Air Force chief Major General Mansour al-Jobour told reporters the kingdom had launched 56 air raids on IS since Thursday.

"On the first day of the campaign to avenge our airman Maaz al-Kassasbeh, 19 targets were destroyed, including training camps and equipment," he said, reading from a prepared text.

Jordan has vowed to crush IS after the jihadists burned alive Kassasbeh, who was captured in December when his F-16 warplane went down in Syria.

Eighteen more targets including ammunition and fuel depots and logistics centres were hit on Friday.

On Saturday, 19 IS targets were destroyed, including barracks and residential centres.

"So far, the campaign has destroyed 20 percent of the fighting capabilities of Daesh," he said using another name for IS which controls swathes of both Syria and Iraq.

Jordan is part of the US-led coalition of Arab and Western countries that has been carrying out air strikes against IS since September.

State media reported that a squadron of United Arab Emirates F-16 fighter jets arrived Sunday in Jordan escorted by pilots and technicians.

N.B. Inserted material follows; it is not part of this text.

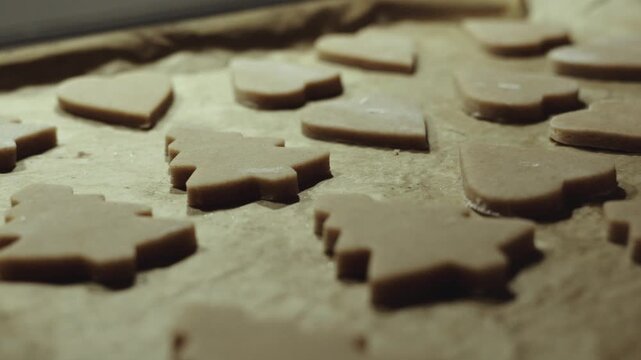 Unbaked Christmas cookie gingerbread perfectly cut, laying neatly unbaked on oven sheet. Desaturated footage easily color matched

C-17 transporters and refuelling planes were part of the squadron sent to on the orders of Abu Dhabi Crown Prince Mohammed bin Zayed al-Nahayan, the Petra news agency said.

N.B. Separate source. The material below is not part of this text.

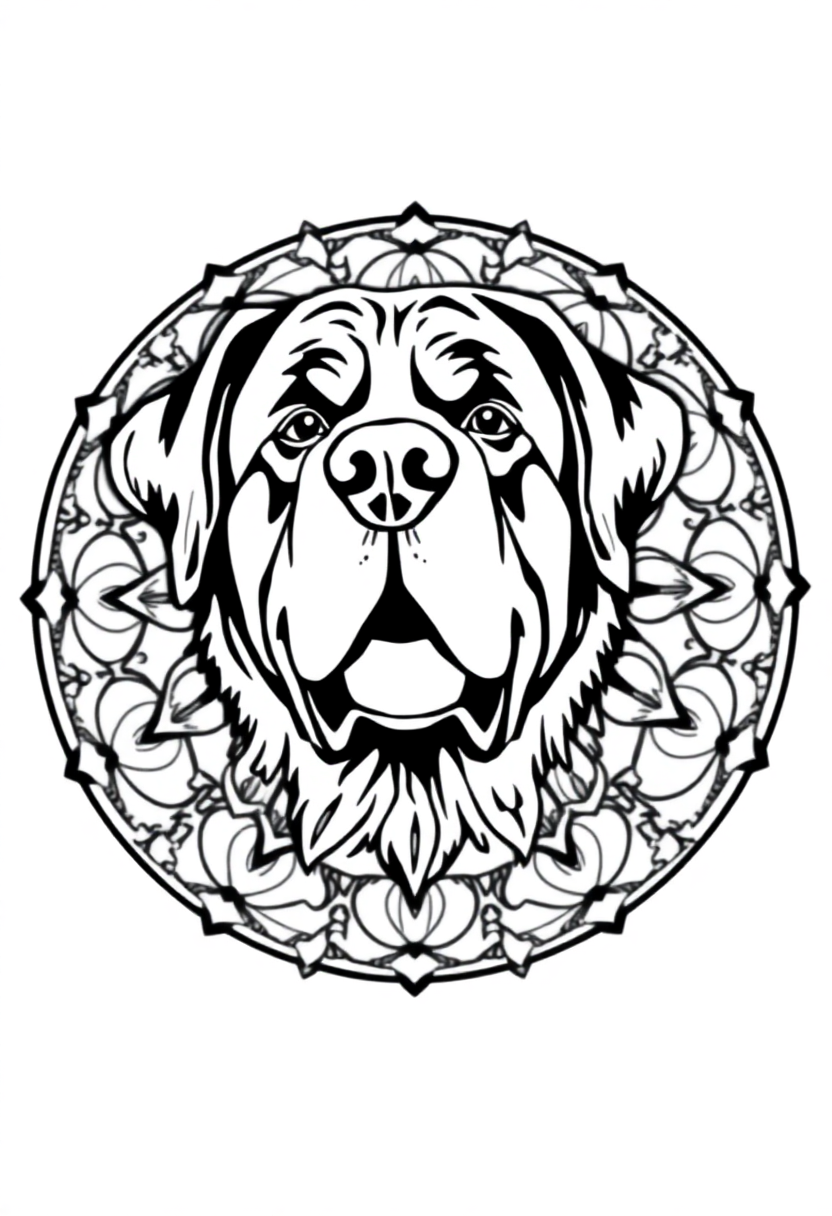 Saint Bernard Rescue Dog coloring page, free printable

US Secretary of State John Kerry said the aerial campaign on IS in Iraq and Syria was beginning to win back territory seized by the jihadists and deprive the group of key funds.

There have been 2,000 air strikes on IS since the coalition's formation in August, Kerry told the Munich Security Conference.

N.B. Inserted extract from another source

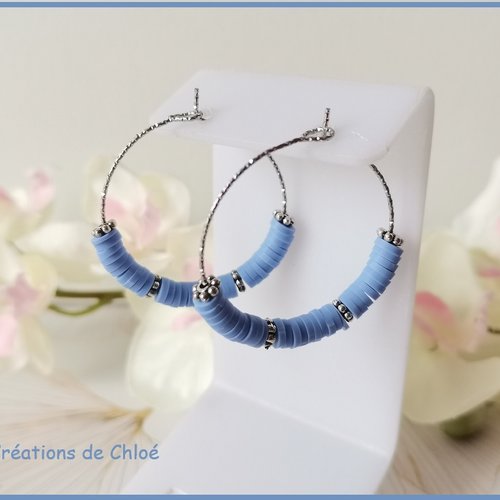 Kit de boucles d'oreilles créoles acier inoxydable ciselé et perles heishi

The air war had helped to retake some 700 square kilometres (270 square miles) of territory, or "one-fifth of the area they had in their control," he said.

The top US diplomat did not specify whether the regained territory was in Iraq or Syria.

But he added the coalition had "deprived the militants of the use of 200 oil and gas facilities... disrupted their command structure... squeezed its finance and dispersed its personnel."

- 'Turning point' -

Jordan's Foreign Minister Nasser Judeh said that while the bombing campaign had "degraded" IS capability, the group was still in control of "vast territory".

"They still have access to Syria's cash and funds. They have access to weaponry. They're not gone as a threat yet," Judeh told ABC television.

Interior Minister Hussein Majali said in remarks published on Saturday that Kassasbeh's gruesome murder by IS was a "turning point" in the kingdom's fight against extremism.

"The day of the hero, martyr pilot's assassination is a turning point in Jordan's history in order to face this horrific crime that was committed by the cowardly terrorist organisation," he said.

Jobour said more than 7,000 IS militants had been killed since Jordan began participating in coalition air strikes.

Following Jordan's intensified sorties, the group claimed US hostage Kayla Jean Mueller had been buried alive under rubble in its self-proclaimed capital of Raqa in Syria.